(NAR) VOL. 18 NO. 1/JANUARY - MARCH 2007
“Depository banks under the foreign currency deposit and expanded foreign currency deposit systems shall maintain at all times a hundred percent (100%) cover for their foreign currency liabilities. For purposes of complying with this requirement, the principal offices in the Philippines of the authorized banks and all its branches located therein shall be considered as a single unit. The foreign currency cover shall consist of the following:
1. For banks authorized to operate an FCDU –
a. Foreign currency deposits with the BSP;
b. Foreign currency deposits of short-term maturity, with foreign banks abroad, OBUs and other FCDUs/EFCDUs;
c. Short-term foreign currency loans authorized by the BSP except those classified by the BSP as bad or uncollectible debts;
d. Investments in foreign currency-denominated debt instruments, which are of short-term maturities and are readily marketable;
e. Foreign currency notes and coins on hand;
f. Foreign Currency Checks & Other cash items;
g. Foreign currency-foreign currency swap;
h. Foreign currency interests receivable;
i. Trading Account Securities – Loans (Government Securities Purchased under Resale Agreements – EFCDU/FCDU);
j. DERIVATIVES WITH POSITIVE FAIR VALUE (DERIVATIVES WITH NEGATIVE FAIR VALUE SHALL REQUIRE CORRESPONDING ASSET COVER);
and
k. Such other assets, as may be determined by the Monetary Board as eligible cover.

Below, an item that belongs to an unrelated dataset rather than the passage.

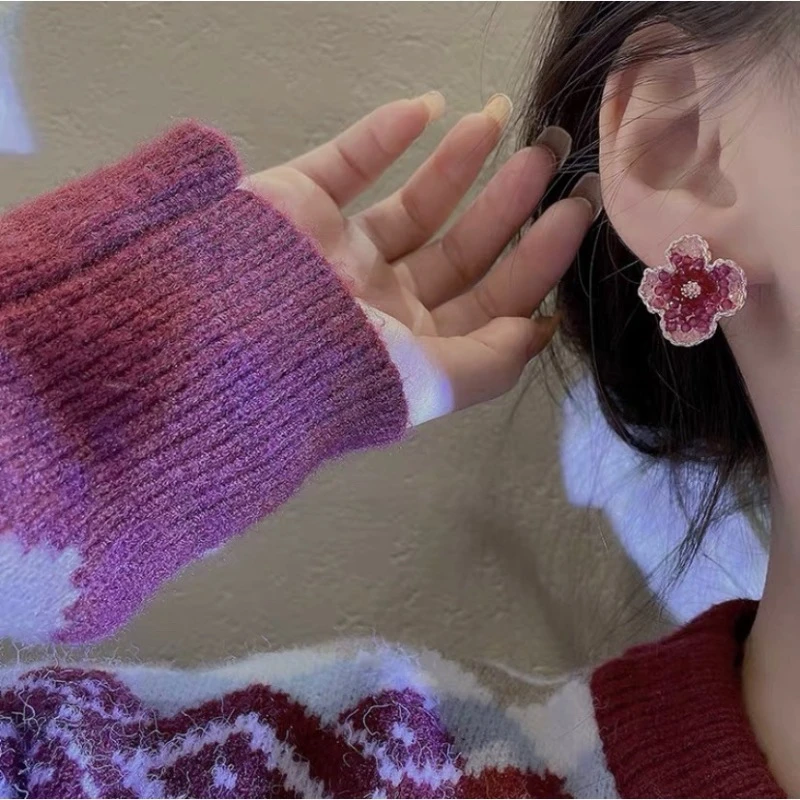人间富贵花 明星同款手工渐变小花 少女甜美耳钉125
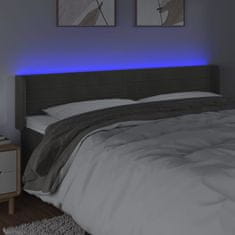 Vidaxl Čelo postele s LED tmavě šedé 183 x 16 x 78/88 cm samet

l. The government securities used as collateral of the borrowing and any margin (in the form of cash or securities) that the lender will collect from the bank anytime the market value of the collateralized securities falls below the amount of the loan shall be considered as eligible asset cover for the 100% cover requirement of said borrowings. Any excess in the value of the securities or cash used as collateral in a repurchase arrangement cannot be used as cover for other FCDU/EFCDU liabilities.”